American horticultural event

The Philadelphia Flower Show is an annual event produced by The Pennsylvania Horticultural Society (PHS) and traditionally held in Philadelphia, Pennsylvania, at the Pennsylvania Convention Center in early March. It is the oldest and largest indoor flower show in the world, attracting more than 250,000 people annually. It has also been described as "the country's oldest, largest, and most prestigious celebration of flowers."

The show features large scale gardens, which range from elaborate landscaped displays to individual and club entries of a prize horticultural specimen. Each year, the PHS declares an official theme. The exhibits are submitted for judging in many categories, and are highly competitive.

A popular part of the show floor is the Garden marketplace where visitors can buy plants and seeds, cut flowers, craft items, and other flower, landscaping and horticulture-related items.

The Show boasts fabulous floral and garden design, live entertainment, culinary events and extraordinary gardening how-to workshops and lectures by experts.

The June 2022 event will feature 40 major exhibitors, featuring the theme "In Full Bloom."

In 2021 and 2022, the show was held outside in the summer at FDR Park due to COVID-19 pandemic.
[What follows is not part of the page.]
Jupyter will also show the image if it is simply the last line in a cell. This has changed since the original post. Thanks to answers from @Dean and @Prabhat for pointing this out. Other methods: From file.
It returned to the Convention Center in March 2023 with the theme "The Garden Electric."

== Competitors ==
The amateur division of the show known as the Competitive Classes often have an assigned theme, related to the overall show theme. The 2007 Show, Legends of Ireland, featured Pressed Plant Material (i.e. dried flower pictures) that "incorporated a Celtic Knot." The first weekend's Medium Niche theme was Wish You Were Here "Exhibitors will be sent Irish postcards for inspiration. A copy of the postcard will be mounted next to the exhibit." Entrants for that class typically have a mockup of the niche at home, where they practice assembling and lighting their entry in the months preceding the show. In a Challenge class, entrants bring only pruning shears, and must use show-provided materials to interpret a theme within a limited amount of time. Three typical Horticulture classes are 142: Clivia, flowering. Pot 8" or under, 143: Clivia, flowering. Pot 8"-10", and 144: Clivia, foliage. (There was also a Clivia entered in 2007 under Exceptional plants 10–20 years old, to be judged against “perfection” for their species/cultivar.)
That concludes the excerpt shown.